Anthony Easton: Anger at hygiene is no longer interesting or works as resistance, but has become its own heavily formalized style. Discomfort can be channeled into usual aesthetic questions and filtered out. The question becomes if the structures of the filtering, or the filtering itself, are interesting enough to justify the questions of style. This isn’t the case here.
[3]

Ian Mathers: Ah, expectations; if I was coming to “Lemon Scent” cold it’d be refreshing, but it seems sturdy where “Weatherman” was towering, never really exploding or taking off (although the end bit is fairly nice).
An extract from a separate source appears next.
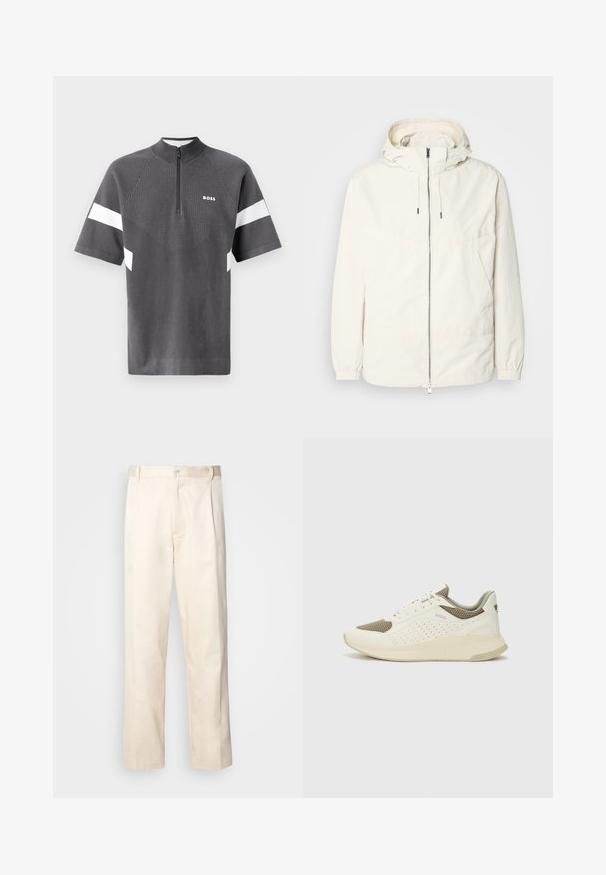 Lightweight, cream-colored jacket with a hood, zip front, elastic cuffs, and a kangaroo pocket. Smooth fabric with minimal stitching details.; Grey sports shirt with short sleeves, zip collar, and white accent stripes. Features a textured pattern on the front with "BOSS" logo.; Beige cotton trousers with a straight-leg cut, featuring a button closure and pleats at the front for added detail.; White and light beige athletic sneaker, featuring a mesh upper, perforated detailing, and a textured midsole with branding on the heel.
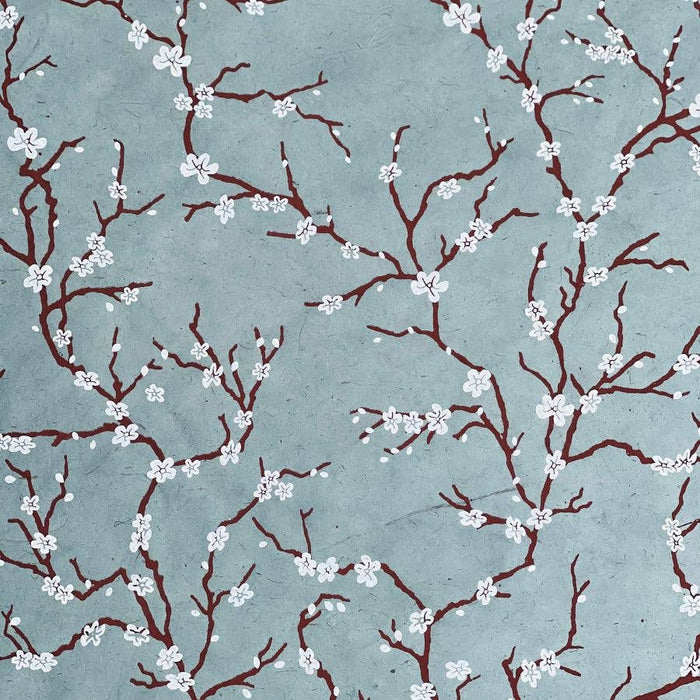 Cherry Blossom, White Flower on Grey Decorative Paper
All of which means it feels enough like a quintessential album track that it’s a little worrisome that it’s the third single from their album. “Weatherman” felt like the arrival of something huge; this doesn’t really cede any ground but it certainly doesn’t claim any more of it either.
[6]

Jonathan Bogart: As the person who forced “Weatherman” into 2012’s Amnesty Week as an instant [10], I feel a bit bad giving this third single such a relatively low score. (The second single, a bluesy Christmas song, doesn’t really count as a followup.) It’s probably true that my relative lack of appetite for hard rock — only a few rawk songs can get through to me in any given period of time — is unfair to both Dead Sara and to hard rockers more generally, who deserve to have their work heard with open and engaged ears. “Lemon Scent” doesn’t have the rhythmic slipperiness or the structural heft of “Weatherman,” but worse than that, it’s no longer astonishingly new.